Decir que sí ó á la cárcel
Un alcalde de un pueblo, oficial retirado que habla servido en la última guerra, tenia por criado al mismo que en ella le sirvió de asistente. Era el alcalde amigo de exagerar y de contar rasgos de heroicidad y hechos de armas estraordinaríos, haciéndose, por supuesto, el héroe de todos ellos, con una modestia pasmosa. Algunas veces eran tan increíbles los sucesos que referia, que necesitaba testigos, y para estos casos echaba oportunamente mano de su criado Antonio, á quien, con algunas pesetas, lo tenia obligado y dispuesto á contestar siempre amen.
Pero la conciencia de un asistente no es tan grande que no se le encuentre el fin, y como las mentiras no lo tenian, llegó un dia en que se avergonzó de apoyar una muy grande, se atrevió á decir á su amo que no se acordaba de lo que decía, y el alcalde, echándola de autoridad, lo llevó á la cárcel.

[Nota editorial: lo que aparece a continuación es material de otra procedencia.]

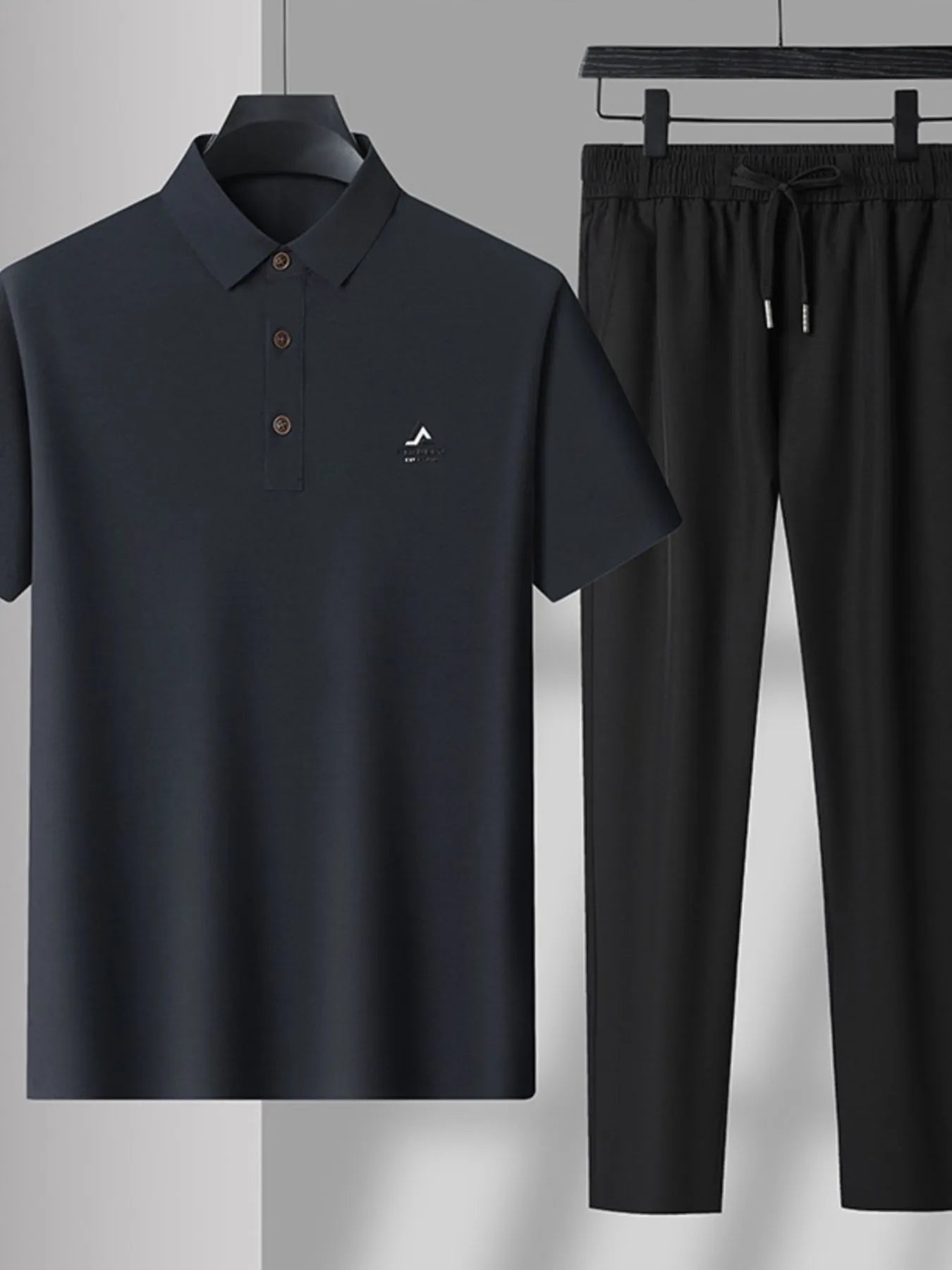 Ensemble Homme Été — Polo Boutonné Manches Courtes & Pantalon - Bootiky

Quería á su asistente y lo sacó; el asistente conoció que la cárcel era mala, y olvió de nuevo á ser testigo de heroicidades homerianas.
— Yo solo, con mi asistente, decía una noche el alcalde, anduvimos en un dia, á pié, cuarenta leguas, nos echamos sobre un regimiento enemigo con entermos y bagajes, y lo cercamos.

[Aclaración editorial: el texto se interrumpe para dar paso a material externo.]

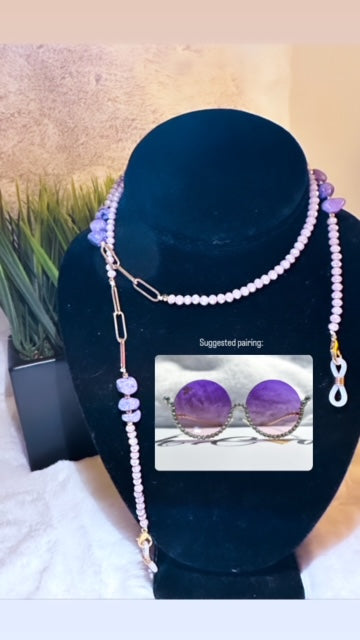 Rich Goddess Eyewear- Jewels-Purple Stone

— ¿Los dos solos? preguntó uno.
— Solos, enteramente solos. Pues señor, como voy diciendo, cátate que llegamos y los cercamos, y sin decir oste ni moste, claro es, los cogimos prisioneros á todos sin dejar uno solo.
— ¡Señor alcalde! ¡señor alcalde!!!
— Chico, Antonio; muchacho, ven acá, hombre, que esta gente no me quiere creer; habla; ¿es cierto ó no?
— Señor....
— ¿Qué dices á eso?
— Que me voy á la cárcel.
Todos los concurrentes prorumpieron en una carcajada, y el alcalde no ha vuelto á llamar testigos en su apoyo.